EEOC statistics for fiscal year 2018 reveal how much things have changed in the #MeToo era:

  • The agency received 7,609 complaints, which was a 13.6 percent increase from the previous year.
  • Overall, workers filed 76,418 workplace harassment complaints of all types.
  • Nearly $70 million was recovered for complainants, up from $47.5 million a year earlier.
  • Women accounted for around 85 percent of sexual harassment complaints.

This heightened awareness, however, comes with tradeoffs. Sixty percent of male managers said they are uncomfortable mentoring, socializing with or even working alone with women in the workplace, according to the website LeanIn.org.
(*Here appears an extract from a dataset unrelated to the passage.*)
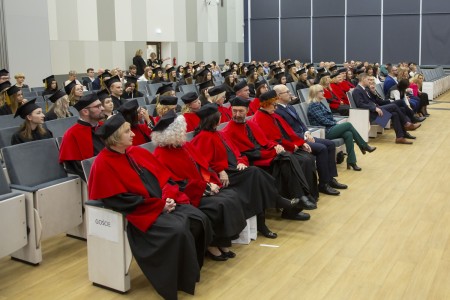 Dyplomatorium absolwentów kierunków analityka medyczna, kosmetologia 26.10.2024 . Kliknij, aby powiększyć zdjęcie.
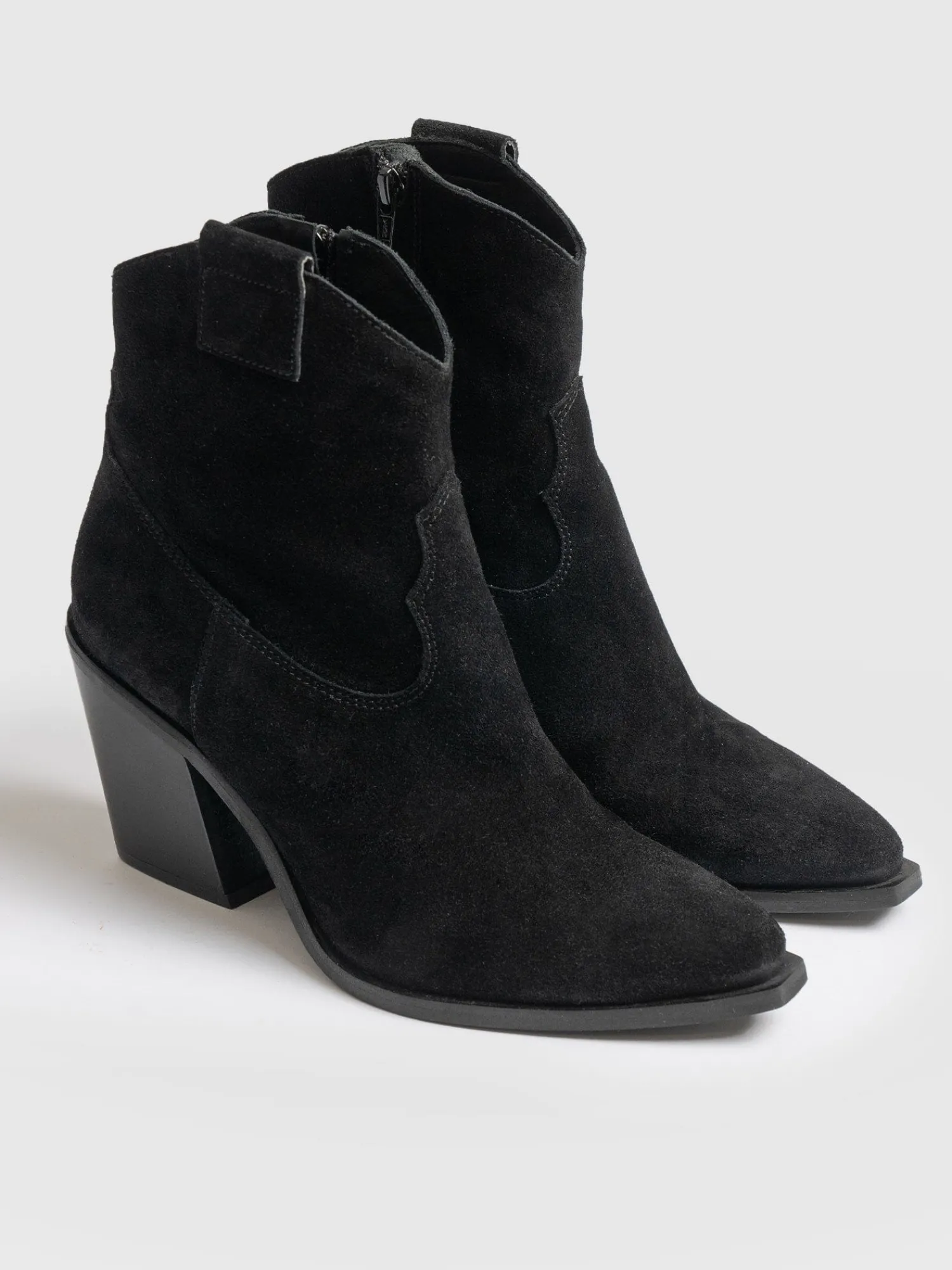 Hot Saint and Sofia Dallas Mid Boot - Black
This is up 46 percent from the previous year.

“The bad thing that is happening now is that I hear all of these men saying, `I don’t think I can even talk to a woman’ or ‘I’m not even going to have meetings with a woman in my office, because she’s going to say I harassed her’,” Dudley said. “None of that would be sexual harassment unless you did something severe or kept coming on to somebody.” Most employers likely are aware of the potentially high cost of workplace harassment.

“If you get slammed with even one sexual harassment lawsuit, even if you have insurance, I guarantee that you and your HR department will spend a lot of time on it,” Dudley said. “It costs you in time and people if you any type of complaint.”

Employers may be less aware of other costs.

“There is a real cost, but there also are hidden costs that might not surface for a while,” she said. “What I see is organizations not wanting to hire other organizations that have bad reputations in this area. First, if you are a decent person, you wouldn’t want to support someone who isn’t decent. Second, they don’t want their own reputation tarnished. “The Internet and Twitter have changed so many things. Your workers can head to the breakroom and say, `Guess what my supervisor just said about me” and post it on Glassdoor or wherever. That can be either good or bad.”

What practical steps should employers take to ensure they are doing the right thing, both legally and from a human perspective? Dudley makes these recommendations:

Consider all employees. “We need to get around to understanding that the #MeToo movement is good for men, too. How did we get on the opposite team here? My male friends are decent enough to know that sexual harassment prevention training is good for everyone, including men. The good part is that we are aware of it and have created vehicles by which anyone who is being harassed can actually have a voice to register a complaint or observation without fear of retaliation.”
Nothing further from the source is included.